The trend is sweeping the nation, with many calling this surging interest in backyard growing the “New Victory Garden,” a 20th century movement updated for the millennium.
The seed was planted during World War I to help feed a starving Europe, then suffering from food shortages when many farmers were called to service and their farms became battlegrounds.
Americans, also facing shortages of canned goods, were exhorted to help fill the need by growing their own food, allowing more commercially grown crops to be sent to soldiers and the hungry overseas. There even was a National War Garden Commission established in 1917 to drum up a citizens brigade of backyard growers armed with shovels and trowels and a U.S. School Garden Army called up by the federal Bureau of Education.
The practical idea of providing for oneself stuck around in the years after the armistice and through The Great Depression. But it really became one of the defining war efforts on the homefront during World War II. An estimated 20 million small gardens produced 40% of the fruits and vegetables consumed in the U.S. as war raged in the South Pacific, Europe and North Africa.
Sue Lovelace, a Sonoma County Master Gardener who specializes in growing home crops, said the common thread between the wartime victory gardens and those going in now during the global coronavirus pandemic is a desire to ensure a stable, clean and safe food source in the face of potential shortages and health concerns.
“When you grow it yourself,” she said, “you know how old it is and how fresh it is.”
You also know where it came from, how it was grown and that only you or an immediate family member handled it on the way from the garden to the kitchen.
Victory garden packs
“People are growing like crazy now. Everyone is buying up chickens and planting gardens.

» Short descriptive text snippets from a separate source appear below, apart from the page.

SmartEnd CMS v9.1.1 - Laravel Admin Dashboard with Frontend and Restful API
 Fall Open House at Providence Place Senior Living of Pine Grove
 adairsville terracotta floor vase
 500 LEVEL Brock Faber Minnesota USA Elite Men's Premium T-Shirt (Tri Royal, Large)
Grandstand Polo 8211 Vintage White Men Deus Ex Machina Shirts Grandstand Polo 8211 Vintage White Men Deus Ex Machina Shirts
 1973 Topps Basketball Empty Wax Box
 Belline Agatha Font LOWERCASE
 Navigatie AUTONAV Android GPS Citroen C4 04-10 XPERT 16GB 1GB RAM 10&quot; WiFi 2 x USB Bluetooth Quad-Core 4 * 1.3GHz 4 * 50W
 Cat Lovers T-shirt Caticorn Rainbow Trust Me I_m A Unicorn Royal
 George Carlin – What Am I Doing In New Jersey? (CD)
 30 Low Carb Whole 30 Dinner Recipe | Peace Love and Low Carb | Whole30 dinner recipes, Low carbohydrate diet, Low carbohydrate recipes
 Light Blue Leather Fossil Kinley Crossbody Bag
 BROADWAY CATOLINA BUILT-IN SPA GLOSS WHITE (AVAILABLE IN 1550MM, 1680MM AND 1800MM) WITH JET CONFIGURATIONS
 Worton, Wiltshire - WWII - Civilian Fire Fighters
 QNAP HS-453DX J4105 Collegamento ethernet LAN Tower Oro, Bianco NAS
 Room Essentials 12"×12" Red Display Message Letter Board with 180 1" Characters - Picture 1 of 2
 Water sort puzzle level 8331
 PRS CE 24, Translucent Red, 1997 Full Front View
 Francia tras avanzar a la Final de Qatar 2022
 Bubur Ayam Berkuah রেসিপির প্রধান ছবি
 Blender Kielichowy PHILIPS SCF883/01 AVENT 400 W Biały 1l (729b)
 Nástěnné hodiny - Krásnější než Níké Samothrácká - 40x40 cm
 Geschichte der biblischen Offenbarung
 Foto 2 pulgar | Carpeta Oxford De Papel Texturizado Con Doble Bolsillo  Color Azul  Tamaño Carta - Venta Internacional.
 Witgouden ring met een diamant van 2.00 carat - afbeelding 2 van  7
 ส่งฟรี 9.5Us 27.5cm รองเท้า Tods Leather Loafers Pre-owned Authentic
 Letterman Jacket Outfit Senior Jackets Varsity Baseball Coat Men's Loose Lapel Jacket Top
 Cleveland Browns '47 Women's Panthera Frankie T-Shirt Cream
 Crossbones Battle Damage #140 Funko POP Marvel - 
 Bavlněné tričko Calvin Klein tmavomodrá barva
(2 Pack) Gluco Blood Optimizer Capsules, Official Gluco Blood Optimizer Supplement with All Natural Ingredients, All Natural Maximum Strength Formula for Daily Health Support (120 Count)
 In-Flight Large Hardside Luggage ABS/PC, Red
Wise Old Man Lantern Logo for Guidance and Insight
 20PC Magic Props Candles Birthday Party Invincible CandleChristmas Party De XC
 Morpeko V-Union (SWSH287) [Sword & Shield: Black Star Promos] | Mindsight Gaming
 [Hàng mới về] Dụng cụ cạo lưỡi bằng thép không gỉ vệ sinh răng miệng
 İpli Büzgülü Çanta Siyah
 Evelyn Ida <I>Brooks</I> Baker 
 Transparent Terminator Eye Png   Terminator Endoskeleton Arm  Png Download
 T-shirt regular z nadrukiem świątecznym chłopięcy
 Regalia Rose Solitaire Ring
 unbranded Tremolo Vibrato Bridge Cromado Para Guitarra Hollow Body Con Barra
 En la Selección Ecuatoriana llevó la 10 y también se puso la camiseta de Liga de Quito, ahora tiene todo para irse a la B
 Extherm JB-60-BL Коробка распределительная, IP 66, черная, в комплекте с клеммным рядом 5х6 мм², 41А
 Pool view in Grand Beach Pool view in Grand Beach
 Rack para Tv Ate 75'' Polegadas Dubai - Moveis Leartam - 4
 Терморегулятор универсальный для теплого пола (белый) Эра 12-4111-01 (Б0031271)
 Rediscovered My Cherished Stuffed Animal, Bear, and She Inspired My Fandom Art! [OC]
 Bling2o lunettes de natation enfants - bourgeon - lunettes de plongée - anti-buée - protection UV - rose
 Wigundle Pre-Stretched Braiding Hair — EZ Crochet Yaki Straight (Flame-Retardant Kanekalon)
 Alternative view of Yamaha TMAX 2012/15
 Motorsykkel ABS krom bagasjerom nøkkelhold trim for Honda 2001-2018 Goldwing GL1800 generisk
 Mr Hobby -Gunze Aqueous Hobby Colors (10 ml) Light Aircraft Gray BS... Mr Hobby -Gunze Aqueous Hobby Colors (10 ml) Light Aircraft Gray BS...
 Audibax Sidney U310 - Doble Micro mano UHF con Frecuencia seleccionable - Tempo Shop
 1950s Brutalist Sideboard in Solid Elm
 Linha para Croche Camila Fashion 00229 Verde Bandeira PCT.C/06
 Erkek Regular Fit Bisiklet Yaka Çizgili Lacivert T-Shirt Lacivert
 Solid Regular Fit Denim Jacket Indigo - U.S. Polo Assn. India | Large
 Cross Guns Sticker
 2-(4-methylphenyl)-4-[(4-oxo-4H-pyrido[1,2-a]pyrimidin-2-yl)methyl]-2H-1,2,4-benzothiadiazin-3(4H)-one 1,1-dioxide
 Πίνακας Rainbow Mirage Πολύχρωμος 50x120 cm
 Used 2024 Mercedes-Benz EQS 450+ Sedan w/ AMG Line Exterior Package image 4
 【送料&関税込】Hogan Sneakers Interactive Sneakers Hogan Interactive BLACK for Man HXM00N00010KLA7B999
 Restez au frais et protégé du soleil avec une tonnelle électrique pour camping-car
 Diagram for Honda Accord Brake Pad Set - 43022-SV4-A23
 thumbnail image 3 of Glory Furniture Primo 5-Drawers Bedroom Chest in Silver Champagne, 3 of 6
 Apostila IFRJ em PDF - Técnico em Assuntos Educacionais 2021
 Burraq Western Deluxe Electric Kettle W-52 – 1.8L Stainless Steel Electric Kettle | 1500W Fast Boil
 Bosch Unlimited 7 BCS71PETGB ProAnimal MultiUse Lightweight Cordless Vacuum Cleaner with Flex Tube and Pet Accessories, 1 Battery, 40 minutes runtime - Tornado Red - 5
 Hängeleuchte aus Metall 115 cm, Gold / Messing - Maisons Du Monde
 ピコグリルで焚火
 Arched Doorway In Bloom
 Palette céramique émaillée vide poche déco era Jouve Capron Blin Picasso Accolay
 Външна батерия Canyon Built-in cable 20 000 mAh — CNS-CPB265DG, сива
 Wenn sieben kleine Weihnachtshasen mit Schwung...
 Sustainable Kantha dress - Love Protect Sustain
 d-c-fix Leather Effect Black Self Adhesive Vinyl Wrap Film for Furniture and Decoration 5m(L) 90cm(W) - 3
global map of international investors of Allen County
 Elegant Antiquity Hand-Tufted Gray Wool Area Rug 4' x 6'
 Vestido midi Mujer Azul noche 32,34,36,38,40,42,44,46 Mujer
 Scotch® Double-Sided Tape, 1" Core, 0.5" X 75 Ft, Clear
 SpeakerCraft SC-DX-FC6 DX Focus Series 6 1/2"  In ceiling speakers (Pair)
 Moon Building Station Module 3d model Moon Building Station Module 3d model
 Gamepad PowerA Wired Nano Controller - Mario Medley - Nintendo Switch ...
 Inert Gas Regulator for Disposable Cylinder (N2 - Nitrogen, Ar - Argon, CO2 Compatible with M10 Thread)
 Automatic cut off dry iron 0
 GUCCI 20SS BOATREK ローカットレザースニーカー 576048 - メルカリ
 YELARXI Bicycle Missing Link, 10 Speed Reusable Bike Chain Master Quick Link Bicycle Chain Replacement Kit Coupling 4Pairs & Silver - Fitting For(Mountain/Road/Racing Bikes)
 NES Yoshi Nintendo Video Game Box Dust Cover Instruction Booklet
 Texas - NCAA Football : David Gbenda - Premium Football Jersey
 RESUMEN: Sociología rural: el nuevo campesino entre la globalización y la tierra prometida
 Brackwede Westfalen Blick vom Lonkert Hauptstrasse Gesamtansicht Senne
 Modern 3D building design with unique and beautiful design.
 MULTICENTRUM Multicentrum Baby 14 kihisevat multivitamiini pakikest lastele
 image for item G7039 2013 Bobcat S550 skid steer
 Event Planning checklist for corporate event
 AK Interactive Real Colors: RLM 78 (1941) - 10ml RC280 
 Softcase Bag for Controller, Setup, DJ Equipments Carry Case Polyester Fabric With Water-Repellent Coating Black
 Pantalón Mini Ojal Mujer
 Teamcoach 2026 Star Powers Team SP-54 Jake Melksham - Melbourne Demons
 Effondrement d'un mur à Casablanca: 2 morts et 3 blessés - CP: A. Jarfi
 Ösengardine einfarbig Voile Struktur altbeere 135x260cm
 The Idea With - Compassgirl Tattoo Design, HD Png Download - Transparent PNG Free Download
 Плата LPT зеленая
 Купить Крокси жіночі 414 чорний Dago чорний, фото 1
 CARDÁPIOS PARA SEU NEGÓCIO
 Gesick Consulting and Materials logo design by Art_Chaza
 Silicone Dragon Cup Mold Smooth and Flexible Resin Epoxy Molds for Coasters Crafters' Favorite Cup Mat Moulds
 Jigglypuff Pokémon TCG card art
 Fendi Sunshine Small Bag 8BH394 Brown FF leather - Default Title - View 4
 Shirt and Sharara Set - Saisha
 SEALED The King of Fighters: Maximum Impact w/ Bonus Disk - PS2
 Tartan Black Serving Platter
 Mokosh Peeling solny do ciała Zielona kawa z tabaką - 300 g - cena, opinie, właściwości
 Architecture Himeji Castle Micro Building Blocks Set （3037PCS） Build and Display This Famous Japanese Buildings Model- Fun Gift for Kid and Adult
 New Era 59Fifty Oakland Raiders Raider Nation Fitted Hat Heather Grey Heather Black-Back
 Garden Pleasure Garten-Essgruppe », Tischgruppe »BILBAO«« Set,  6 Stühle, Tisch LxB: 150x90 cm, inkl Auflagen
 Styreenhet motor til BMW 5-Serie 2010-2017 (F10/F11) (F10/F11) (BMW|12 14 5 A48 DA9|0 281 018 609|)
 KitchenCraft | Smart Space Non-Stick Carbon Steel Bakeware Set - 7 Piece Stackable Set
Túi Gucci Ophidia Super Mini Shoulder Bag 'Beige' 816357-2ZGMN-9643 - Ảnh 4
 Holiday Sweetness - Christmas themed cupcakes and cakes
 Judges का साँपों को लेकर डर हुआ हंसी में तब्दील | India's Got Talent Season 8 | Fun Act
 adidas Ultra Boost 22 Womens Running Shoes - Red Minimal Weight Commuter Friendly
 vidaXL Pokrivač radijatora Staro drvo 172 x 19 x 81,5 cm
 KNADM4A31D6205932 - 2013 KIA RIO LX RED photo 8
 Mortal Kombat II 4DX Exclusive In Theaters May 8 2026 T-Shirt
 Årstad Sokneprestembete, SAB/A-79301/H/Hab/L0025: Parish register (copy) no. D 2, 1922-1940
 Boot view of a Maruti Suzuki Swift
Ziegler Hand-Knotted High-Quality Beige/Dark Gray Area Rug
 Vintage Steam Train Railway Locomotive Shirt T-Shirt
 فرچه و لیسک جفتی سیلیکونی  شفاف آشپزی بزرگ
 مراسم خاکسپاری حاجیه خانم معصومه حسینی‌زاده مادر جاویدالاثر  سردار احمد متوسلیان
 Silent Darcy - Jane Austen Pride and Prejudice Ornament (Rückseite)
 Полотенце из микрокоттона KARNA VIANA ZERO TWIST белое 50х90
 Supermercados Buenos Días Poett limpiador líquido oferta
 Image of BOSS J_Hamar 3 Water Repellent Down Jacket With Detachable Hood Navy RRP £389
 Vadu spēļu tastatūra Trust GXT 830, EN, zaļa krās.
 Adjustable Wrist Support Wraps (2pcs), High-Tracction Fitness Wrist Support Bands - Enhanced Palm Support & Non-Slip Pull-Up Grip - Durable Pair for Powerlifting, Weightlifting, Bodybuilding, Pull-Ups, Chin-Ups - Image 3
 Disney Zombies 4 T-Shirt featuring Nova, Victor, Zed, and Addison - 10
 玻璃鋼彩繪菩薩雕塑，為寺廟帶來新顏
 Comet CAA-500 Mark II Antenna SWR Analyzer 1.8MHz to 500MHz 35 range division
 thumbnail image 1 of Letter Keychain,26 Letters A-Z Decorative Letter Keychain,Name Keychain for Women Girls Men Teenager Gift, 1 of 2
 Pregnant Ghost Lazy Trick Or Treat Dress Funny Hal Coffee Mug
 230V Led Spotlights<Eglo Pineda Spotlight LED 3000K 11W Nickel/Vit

They're scared. The same thing happened in 2008,” said Aaron Keefer, head of cultivation and production at Sonoma Hills Farm west of Petaluma.
Some also are concerned that every trip to the market poses a risk of exposure to the coronavirus.
The Sonoma Ecology Center is celebrating its 30th anniversary by giving away 300 victory garden starter packs, filled with a mix of summer squash, cucumbers, melons, sunflowers, peas and bean starts, along with organic carrot and spinach seed packets and simple growing tips. The starts are being grown by Bee-Well Farms in Glen Ellen. Packs will be distributed for free from 10 a.m. to 1 p.m. on April 25 on a first-come, first-served basis at the horseshoe in front of Sonoma City Hall. The line will be a drive-thru. Delivery is available for anyone in Sonoma Valley who is at higher risk and needs to stay home. For more information and to request delivery, visit sonomaecologycenter.org.
“Given that this crisis has massive implications for the world and for our community, Sonoma Ecology Center hopes to bring back the victory garden tradition to Sonoma Valley as a way to promote local sustainability and resilience,” executive director Richard Dale said. The center hopes to keep the movement alive once the pandemic has passed.
Growing trend
The movement has spread like squash vines through the Sonoma Valley already. A new Sonoma Victory Garden Club Facebook page that went up three weeks ago has drawn more than 200 members who trade growing tips and advice.
Kathy Holt-Ries is among the newbies who leaped headfirst into the movement. She lives in a mobile home park in Sonoma and has never planted a food garden before. But as soon as the shelter-in-place order came down in Sonoma County, she bought some raised beds and other basic equipment at Friedmans' Home Improvement, had soil and compost delivered and got to work.